L’ACRE : un dispositif incontournable pour les entrepreneurs

Créer son entreprise est un choix ambitieux et passionnant, mais également parsemé de défis et d’incertitudes. Pour soutenir les entrepreneurs dans cette aventure, l’État met à leur disposition diverses aides et dispositifs, dont l’Aide aux Créateurs ou Repreneurs d’Entreprise (ACRE). Comment fonctionne ce dispositif ? Qui peut en bénéficier ? Comment en faire la demande ? Cet article vous apporte toutes les réponses pour tirer profit de ce levier de croissance.

Qu’est-ce que l’ACRE ?

L’Aide aux Créateurs ou Repreneurs d’Entreprise (ACRE) est un dispositif d’aide destiné à soutenir les personnes qui souhaitent créer ou reprendre une entreprise en France. Elle consiste en une exonération partielle des charges sociales pour les travailleurs indépendants et des cotisations patronales pour les entreprises employant des salariés pendant une période donnée. L’objectif principal de cette mesure est de faciliter le démarrage des nouvelles entreprises en allégeant leurs charges financières et ainsi favoriser leur réussite.

Qui peut bénéficier de l’ACRE ?

Les bénéficiaires potentiels de l’ACRE sont nombreux et divers. Le dispositif s’adresse principalement aux créateurs ou repreneurs d’entreprises, qu’ils soient auto-entrepreneurs, gérants non salariés d’une société ou encore associés d’une coopérative ouvrière. Pour être éligible, il faut remplir certaines conditions :

  • être âgé de 18 ans ou plus ;
  • être de nationalité française ou ressortissant d’un pays de l’Espace Économique Européen (EEE) ;
  • ne pas avoir bénéficié de l’ACRE au cours des trois années précédentes ;
  • créer ou reprendre une activité économique en France métropolitaine ou dans les DOM.

En outre, certaines catégories de personnes peuvent bénéficier de l’ACRE sous réserve de remplir des conditions spécifiques, telles que les demandeurs d’emploi, les bénéficiaires du RSA, les jeunes entre 18 et 25 ans, les personnes handicapées ou encore les salariés en contrat à durée déterminée.

Quelles sont les modalités d’exonération de l’ACRE ?

L’exonération accordée par l’ACRE s’étend sur une période maximale de 12 mois. Les taux et plafonds d’exonération varient en fonction du statut du bénéficiaire et du type d’entreprise créée ou reprise. Pour un travailleur indépendant relevant du régime micro-social simplifié, par exemple, le taux d’exonération est fixé à :

  • 50 % pour la première année d’activité ;
  • 25 % pour la deuxième année d’activité ;
  • 10 % pour la troisième année d’activité.

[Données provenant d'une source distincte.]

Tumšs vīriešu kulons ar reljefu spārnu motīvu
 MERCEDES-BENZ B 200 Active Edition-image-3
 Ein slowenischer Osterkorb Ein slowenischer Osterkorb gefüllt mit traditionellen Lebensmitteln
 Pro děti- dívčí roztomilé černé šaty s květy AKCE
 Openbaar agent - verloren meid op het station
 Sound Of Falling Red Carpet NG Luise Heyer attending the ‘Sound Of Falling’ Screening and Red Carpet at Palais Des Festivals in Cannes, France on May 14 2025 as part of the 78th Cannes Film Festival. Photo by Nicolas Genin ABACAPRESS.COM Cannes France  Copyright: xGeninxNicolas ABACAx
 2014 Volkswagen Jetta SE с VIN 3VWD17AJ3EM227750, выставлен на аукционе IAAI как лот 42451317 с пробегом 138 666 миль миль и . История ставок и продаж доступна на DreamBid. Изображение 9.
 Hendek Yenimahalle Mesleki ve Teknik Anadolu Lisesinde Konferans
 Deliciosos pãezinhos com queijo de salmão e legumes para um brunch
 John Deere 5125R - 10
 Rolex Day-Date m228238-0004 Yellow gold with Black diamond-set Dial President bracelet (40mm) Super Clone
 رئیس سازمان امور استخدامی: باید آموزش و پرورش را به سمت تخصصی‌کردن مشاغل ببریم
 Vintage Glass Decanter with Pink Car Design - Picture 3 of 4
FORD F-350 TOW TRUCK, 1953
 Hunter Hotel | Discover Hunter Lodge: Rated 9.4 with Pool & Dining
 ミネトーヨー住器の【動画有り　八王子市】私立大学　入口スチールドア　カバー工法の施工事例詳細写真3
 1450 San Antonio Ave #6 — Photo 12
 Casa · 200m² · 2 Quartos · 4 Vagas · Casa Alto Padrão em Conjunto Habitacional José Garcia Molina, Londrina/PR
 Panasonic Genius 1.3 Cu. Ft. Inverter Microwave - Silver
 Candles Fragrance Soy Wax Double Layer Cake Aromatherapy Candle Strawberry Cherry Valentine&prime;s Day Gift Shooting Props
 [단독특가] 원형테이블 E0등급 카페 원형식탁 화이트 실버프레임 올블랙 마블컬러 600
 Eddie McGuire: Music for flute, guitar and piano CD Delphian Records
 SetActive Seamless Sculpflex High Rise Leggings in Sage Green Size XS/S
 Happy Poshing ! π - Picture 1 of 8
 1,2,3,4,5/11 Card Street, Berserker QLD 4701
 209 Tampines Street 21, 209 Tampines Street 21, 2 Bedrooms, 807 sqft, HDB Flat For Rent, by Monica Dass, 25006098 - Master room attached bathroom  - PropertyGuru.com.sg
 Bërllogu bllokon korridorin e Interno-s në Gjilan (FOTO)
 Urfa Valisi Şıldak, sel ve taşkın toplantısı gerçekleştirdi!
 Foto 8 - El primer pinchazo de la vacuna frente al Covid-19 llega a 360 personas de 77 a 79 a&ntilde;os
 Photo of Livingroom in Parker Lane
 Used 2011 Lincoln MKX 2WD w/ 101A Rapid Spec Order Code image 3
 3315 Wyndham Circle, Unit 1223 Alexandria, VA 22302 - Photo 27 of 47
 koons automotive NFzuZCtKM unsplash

Pour les entrepreneurs soumis au régime réel d’imposition, les taux d’exonération sont plus élevés et peuvent atteindre jusqu’à 75 % de la base forfaitaire des cotisations sociales. En ce qui concerne les sociétés, l’exonération porte sur les cotisations patronales de Sécurité sociale.

Comment bénéficier de l’ACRE ?

Pour demander à bénéficier de l’ACRE, il convient de suivre une procédure en plusieurs étapes :

  1. Déclarer la création ou la reprise d’entreprise : cette démarche doit être effectuée auprès du Centre de Formalités des Entreprises (CFE) compétent. La déclaration peut être faite en ligne, par courrier ou sur place ;
  2. Demander l’ACRE : le formulaire de demande doit être complété et transmis au CFE dans un délai maximum de 45 jours suivant la déclaration de création ou reprise d’entreprise. Le formulaire est disponible en ligne ou auprès du CFE ;
  3. Obtenir l’accord de l’Urssaf : après examen du dossier, l’Urssaf notifiera sa décision d’accorder ou non l’exonération. En cas d’accord, elle précisera les modalités d’exonération applicables.

Notez que certains bénéficiaires, tels que les auto-entrepreneurs, sont exonérés automatiquement sans avoir besoin de faire une demande spécifique.

L’ACRE, un levier de croissance pour les entrepreneurs

L’ACRE est une aide précieuse pour les créateurs et repreneurs d’entreprise, leur permettant de bénéficier d’un allègement significatif des charges sociales au démarrage de leur activité. Grâce à ce dispositif, les entrepreneurs peuvent ainsi consacrer davantage de ressources aux investissements nécessaires à la réussite de leur projet, tout en diminuant leurs risques financiers. Il est donc essentiel d’être bien informé sur les conditions d’éligibilité et les modalités de demande pour tirer le meilleur parti de cette mesure.